About this exercise | Of all the lines below, return only those starting with the line holding "A cozy bedroom" and going on through the line holding "A person painting", exactly as written.

Top of Input data

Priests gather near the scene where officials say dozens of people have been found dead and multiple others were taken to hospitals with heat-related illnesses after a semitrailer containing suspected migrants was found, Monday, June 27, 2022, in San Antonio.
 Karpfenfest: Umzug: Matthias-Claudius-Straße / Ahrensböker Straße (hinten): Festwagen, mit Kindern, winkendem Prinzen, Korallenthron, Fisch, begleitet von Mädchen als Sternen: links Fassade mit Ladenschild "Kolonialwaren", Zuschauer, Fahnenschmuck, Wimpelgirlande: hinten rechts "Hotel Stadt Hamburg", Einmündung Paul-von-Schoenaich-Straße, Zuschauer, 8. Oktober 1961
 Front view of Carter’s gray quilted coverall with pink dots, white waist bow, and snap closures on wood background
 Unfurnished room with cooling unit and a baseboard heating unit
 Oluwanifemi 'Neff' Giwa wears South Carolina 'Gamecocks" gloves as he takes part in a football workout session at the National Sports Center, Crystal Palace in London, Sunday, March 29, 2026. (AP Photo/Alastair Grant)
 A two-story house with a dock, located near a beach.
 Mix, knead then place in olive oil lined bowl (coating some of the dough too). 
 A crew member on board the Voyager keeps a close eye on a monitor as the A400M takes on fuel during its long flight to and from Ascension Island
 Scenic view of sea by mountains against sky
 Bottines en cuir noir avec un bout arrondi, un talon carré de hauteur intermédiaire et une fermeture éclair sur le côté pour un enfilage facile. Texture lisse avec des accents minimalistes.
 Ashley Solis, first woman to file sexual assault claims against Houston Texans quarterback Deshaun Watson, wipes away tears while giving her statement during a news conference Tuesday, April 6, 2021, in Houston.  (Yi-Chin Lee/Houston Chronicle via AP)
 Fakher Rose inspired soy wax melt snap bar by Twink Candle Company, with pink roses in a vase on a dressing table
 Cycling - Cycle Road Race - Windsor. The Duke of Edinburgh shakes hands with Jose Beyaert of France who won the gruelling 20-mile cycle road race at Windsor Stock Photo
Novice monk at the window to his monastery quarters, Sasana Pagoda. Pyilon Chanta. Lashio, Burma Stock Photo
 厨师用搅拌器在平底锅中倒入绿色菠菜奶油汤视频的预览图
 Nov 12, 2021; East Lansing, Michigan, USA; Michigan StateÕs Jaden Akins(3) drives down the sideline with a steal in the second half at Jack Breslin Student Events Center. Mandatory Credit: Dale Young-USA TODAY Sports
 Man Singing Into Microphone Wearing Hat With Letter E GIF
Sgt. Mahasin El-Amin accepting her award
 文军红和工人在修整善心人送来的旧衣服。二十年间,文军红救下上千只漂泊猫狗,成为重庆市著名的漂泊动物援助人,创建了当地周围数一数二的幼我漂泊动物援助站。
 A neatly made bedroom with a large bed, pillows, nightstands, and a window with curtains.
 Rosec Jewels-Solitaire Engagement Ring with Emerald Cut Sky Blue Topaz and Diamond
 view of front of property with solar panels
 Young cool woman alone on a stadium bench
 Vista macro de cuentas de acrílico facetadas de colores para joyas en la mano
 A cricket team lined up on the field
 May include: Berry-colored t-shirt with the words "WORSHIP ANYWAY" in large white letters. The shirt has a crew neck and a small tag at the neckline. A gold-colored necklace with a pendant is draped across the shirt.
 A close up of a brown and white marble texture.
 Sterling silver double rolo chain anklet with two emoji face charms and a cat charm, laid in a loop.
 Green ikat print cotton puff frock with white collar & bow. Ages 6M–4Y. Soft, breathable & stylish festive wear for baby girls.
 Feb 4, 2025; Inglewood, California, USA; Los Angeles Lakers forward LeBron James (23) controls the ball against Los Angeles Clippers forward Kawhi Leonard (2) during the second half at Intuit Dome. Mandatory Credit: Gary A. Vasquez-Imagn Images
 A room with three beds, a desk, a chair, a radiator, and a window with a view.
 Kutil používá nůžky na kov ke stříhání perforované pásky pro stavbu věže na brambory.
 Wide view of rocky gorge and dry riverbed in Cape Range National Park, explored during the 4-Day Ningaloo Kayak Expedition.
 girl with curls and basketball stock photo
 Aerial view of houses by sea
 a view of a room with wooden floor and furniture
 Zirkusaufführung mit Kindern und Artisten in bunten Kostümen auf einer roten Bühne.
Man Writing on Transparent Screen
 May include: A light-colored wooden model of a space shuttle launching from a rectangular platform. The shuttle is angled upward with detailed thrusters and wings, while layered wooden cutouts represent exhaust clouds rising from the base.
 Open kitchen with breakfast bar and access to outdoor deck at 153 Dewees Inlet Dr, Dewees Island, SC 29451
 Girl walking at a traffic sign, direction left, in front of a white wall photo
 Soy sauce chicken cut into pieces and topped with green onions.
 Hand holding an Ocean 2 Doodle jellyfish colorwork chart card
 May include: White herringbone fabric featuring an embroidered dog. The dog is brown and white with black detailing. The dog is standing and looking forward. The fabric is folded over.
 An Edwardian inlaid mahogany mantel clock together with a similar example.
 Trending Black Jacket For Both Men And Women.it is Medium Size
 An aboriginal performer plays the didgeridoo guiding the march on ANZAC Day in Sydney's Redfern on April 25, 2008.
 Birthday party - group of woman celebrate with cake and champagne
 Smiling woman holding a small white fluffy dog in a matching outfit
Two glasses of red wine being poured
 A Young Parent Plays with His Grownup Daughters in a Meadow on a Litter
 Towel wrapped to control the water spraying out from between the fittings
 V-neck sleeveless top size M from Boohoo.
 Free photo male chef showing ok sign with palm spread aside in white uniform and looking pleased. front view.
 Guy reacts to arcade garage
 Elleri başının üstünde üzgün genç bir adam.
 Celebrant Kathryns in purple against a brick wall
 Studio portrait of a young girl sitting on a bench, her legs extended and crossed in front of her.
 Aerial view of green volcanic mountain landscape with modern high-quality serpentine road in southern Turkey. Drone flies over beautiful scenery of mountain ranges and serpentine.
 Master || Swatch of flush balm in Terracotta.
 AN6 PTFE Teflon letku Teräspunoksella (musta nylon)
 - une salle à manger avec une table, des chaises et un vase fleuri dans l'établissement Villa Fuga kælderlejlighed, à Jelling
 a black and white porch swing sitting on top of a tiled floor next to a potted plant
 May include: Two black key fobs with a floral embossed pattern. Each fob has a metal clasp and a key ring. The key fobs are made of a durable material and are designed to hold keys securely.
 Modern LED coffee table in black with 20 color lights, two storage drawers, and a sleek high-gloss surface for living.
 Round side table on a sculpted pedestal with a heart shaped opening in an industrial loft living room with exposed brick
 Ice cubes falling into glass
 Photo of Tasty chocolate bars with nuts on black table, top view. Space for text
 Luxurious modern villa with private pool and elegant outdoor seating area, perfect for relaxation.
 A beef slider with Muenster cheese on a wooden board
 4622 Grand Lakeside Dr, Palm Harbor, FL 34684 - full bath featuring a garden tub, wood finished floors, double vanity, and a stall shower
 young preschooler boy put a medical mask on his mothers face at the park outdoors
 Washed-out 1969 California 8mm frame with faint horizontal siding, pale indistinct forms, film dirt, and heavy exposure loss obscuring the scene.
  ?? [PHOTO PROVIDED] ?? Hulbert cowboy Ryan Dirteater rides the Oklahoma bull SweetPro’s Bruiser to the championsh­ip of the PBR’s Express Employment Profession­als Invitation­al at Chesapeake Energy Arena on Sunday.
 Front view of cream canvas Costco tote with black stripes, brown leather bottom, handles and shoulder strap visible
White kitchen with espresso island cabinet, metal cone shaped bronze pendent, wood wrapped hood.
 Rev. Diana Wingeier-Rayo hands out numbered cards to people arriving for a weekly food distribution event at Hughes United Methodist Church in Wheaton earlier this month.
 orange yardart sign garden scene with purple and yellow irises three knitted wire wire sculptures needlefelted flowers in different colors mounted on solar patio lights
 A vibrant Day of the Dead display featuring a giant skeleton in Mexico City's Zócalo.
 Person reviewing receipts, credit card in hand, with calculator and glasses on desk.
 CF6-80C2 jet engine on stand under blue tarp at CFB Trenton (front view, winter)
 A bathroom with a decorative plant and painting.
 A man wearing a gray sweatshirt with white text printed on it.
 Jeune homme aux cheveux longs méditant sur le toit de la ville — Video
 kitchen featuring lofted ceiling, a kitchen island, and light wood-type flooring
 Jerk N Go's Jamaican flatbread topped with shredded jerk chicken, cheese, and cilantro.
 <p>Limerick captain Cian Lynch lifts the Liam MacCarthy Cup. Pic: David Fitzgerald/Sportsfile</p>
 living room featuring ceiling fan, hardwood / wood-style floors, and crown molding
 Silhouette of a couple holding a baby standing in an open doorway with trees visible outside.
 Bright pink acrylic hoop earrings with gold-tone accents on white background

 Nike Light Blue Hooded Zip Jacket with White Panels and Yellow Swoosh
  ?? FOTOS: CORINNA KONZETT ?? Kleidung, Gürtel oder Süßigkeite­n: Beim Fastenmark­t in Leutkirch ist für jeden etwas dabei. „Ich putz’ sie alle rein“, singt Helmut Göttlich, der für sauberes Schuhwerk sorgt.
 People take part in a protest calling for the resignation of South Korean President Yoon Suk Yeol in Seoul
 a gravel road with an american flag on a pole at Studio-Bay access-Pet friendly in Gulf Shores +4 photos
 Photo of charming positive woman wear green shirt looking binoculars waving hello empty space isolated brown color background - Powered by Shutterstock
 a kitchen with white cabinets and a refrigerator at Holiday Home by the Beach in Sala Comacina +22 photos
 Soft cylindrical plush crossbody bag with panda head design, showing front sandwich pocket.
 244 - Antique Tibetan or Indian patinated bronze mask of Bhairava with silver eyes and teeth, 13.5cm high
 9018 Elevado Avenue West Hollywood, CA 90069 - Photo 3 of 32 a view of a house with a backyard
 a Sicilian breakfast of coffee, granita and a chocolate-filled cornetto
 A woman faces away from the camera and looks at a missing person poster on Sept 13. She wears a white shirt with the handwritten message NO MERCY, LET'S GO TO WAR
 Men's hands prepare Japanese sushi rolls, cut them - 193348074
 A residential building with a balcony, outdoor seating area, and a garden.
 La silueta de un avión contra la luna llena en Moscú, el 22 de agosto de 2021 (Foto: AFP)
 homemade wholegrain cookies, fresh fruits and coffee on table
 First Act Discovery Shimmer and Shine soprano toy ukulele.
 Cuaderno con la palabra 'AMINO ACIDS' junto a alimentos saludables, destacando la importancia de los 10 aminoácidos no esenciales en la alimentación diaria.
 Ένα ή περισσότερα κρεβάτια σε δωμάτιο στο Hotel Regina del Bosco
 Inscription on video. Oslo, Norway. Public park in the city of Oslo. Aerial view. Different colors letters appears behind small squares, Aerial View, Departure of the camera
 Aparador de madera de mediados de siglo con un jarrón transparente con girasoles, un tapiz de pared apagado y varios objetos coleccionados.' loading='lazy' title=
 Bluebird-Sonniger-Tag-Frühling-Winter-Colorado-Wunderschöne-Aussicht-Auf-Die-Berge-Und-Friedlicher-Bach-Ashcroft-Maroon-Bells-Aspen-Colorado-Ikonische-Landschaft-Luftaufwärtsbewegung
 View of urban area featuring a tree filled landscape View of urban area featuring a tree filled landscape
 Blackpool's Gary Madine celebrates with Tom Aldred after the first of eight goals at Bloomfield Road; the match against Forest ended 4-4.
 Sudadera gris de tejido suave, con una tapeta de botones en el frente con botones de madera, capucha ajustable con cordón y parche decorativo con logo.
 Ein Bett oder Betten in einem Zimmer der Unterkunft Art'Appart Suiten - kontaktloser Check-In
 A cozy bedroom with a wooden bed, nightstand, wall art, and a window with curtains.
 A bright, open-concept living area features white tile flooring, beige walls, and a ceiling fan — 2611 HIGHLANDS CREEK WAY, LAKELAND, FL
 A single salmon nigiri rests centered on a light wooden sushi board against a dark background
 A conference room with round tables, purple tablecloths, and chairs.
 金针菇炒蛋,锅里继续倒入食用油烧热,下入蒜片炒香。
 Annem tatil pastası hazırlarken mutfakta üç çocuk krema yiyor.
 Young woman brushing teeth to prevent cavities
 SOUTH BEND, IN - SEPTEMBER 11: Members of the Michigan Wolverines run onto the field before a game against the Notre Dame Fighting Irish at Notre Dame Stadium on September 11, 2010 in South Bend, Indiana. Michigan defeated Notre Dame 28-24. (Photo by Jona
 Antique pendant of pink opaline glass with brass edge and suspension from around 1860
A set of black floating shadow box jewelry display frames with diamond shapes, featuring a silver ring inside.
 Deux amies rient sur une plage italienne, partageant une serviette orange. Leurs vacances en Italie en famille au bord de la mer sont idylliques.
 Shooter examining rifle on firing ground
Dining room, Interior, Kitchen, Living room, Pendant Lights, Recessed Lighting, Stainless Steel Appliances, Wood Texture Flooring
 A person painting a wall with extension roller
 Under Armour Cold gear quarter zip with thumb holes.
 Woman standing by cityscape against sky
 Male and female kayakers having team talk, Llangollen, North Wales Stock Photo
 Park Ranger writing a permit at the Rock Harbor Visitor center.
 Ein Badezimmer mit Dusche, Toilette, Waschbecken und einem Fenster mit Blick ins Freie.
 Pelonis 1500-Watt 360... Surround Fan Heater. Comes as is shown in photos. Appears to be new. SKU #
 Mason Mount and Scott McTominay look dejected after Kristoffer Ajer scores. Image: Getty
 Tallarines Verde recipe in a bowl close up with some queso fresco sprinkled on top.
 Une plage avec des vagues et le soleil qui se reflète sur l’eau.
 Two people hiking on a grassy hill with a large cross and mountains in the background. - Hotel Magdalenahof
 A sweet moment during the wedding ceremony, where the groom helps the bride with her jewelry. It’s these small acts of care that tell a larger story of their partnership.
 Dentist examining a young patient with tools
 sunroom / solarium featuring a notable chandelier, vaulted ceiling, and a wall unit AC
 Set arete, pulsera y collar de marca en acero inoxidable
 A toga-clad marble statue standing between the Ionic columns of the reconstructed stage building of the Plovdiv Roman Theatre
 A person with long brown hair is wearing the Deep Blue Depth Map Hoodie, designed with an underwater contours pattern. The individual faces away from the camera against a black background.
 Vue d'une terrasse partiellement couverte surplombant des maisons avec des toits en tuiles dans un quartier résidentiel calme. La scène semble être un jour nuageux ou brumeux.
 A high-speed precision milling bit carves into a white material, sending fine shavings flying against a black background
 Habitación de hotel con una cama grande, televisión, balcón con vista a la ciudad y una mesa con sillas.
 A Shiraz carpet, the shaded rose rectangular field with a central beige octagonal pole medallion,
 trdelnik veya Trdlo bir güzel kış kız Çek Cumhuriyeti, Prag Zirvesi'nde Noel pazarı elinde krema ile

Bottom of Input data

Output of the exercise |
 A cozy bedroom with a wooden bed, nightstand, wall art, and a window with curtains.
 A bright, open-concept living area features white tile flooring, beige walls, and a ceiling fan — 2611 HIGHLANDS CREEK WAY, LAKELAND, FL
 A single salmon nigiri rests centered on a light wooden sushi board against a dark background
 A conference room with round tables, purple tablecloths, and chairs.
 金针菇炒蛋,锅里继续倒入食用油烧热,下入蒜片炒香。
 Annem tatil pastası hazırlarken mutfakta üç çocuk krema yiyor.
 Young woman brushing teeth to prevent cavities
 SOUTH BEND, IN - SEPTEMBER 11: Members of the Michigan Wolverines run onto the field before a game against the Notre Dame Fighting Irish at Notre Dame Stadium on September 11, 2010 in South Bend, Indiana. Michigan defeated Notre Dame 28-24. (Photo by Jona
 Antique pendant of pink opaline glass with brass edge and suspension from around 1860
A set of black floating shadow box jewelry display frames with diamond shapes, featuring a silver ring inside.
 Deux amies rient sur une plage italienne, partageant une serviette orange. Leurs vacances en Italie en famille au bord de la mer sont idylliques.
 Shooter examining rifle on firing ground
Dining room, Interior, Kitchen, Living room, Pendant Lights, Recessed Lighting, Stainless Steel Appliances, Wood Texture Flooring
 A person painting a wall with extension roller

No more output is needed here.